## What you will do
Below are the records; output them exactly from the first line through the line with "ai artificial intelligence.", stopping there.

## Available data

========

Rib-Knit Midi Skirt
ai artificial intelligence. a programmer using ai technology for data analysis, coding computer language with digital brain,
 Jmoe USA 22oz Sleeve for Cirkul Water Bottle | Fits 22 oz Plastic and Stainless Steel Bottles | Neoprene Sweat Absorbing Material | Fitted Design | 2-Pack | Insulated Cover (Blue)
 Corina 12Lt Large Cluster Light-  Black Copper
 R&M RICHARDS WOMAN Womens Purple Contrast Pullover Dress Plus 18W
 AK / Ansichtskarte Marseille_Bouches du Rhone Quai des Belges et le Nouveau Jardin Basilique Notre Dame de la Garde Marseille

========

## Solution for this problem
Rib-Knit Midi Skirt
ai artificial intelligence. a programmer using ai technology for data analysis, coding computer language with digital brain,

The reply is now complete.